Che successe? Mi rifaccio alle parole di “Salvate il soldato pallone”, libro del giornalista biellese Niccolò Mello: “Da piccolo Trautmann si era cimentato con un certo successo nel nuoto e nella pallamano, ricevendo dal presidente tedesco Von Hindenburg un certificato di eccellenza sportiva. Ma come tanti altri suoi coetanei rimase affascinato anche dai megalomani progetti di Adolf Hitler”. E così, il nostro entrò nell’esercito tedesco. Aveva le spalle larghe, un carattere indomito, e non è che fosse proprio così tedesco: era leggero, ironico, gli piacevano gli scherzi. Un tedesco atipico. Fu impegnato sul fronte orientale, nella Luftwaffe, tra i paracadutisti, e poi imprigionato in Ucraina per 9 mesi perché in Russia aveva infilato della sabbia nel motore di un veicolo “avversario”. In Francia poi, si ritrovò sepolto sotto le macerie di un palazzo, uscendone ovviamente indenne. 
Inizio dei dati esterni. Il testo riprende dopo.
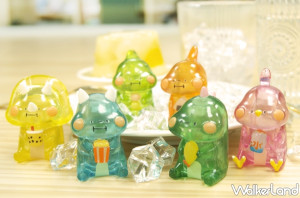 果凍版「吃貨恐龍」先收藏！夥伴玩具快閃「第17屆台北國際玩具創作大展」，獨家開賣「果凍版吃貨恐龍、動物達磨」讓扭蛋控尖叫。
Sì, ma il calcio, dunque? Per parlarne, occorre un’altra domanda: ce lo vedreste un tedesco nel dopoguerra giocare in Inghilterra, che per ovvie ragioni aveva un tantino di avversione per i tedeschi? Ebbene, dopo essere tornato dal rigido inverno russo, uno dei pochi superstiti della sua truppa naturalmente, Trautmann ricevette anche una croce di ferro al merito, ma a parte questo, si accorse che quel bambino che era, aveva sbagliato. Le idee di Hitler erano tutt’altre, e alla fine, di tempo ne era stato perso parecchio. La sua abilità sportiva fiorì proprio Oltremanica. Finì in mano inglese, ma la prigionia fu tutt’altro che turbolenta. L’Inghilterra voleva utilizzare i prigionieri di guerra per far rifiorire il paese, e Trautmann fu tradotto in un campo di lavoro ad Ashton-in-Makerfield, alle porte di Manchester.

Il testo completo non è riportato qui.